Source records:
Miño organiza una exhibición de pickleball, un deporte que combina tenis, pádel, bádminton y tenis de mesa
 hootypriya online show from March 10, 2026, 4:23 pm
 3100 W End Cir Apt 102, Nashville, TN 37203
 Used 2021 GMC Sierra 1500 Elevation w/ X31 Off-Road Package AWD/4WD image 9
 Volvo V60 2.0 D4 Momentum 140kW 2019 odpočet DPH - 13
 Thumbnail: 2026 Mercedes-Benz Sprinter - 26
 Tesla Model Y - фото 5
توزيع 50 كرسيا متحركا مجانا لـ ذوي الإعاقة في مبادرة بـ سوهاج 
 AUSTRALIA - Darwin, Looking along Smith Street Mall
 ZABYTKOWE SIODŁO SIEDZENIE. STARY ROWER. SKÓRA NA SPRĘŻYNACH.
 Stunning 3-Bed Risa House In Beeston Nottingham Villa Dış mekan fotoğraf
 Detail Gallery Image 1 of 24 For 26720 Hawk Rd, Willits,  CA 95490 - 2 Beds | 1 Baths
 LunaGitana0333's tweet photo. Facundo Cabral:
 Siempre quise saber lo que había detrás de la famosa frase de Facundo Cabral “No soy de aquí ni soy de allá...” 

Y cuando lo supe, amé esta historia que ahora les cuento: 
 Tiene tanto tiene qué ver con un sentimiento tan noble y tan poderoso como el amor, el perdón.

How to complete this task:
Your answer should consist of every line from the entries that holds "Cabral".

Response:
 LunaGitana0333's tweet photo. Facundo Cabral:
 Siempre quise saber lo que había detrás de la famosa frase de Facundo Cabral “No soy de aquí ni soy de allá...” 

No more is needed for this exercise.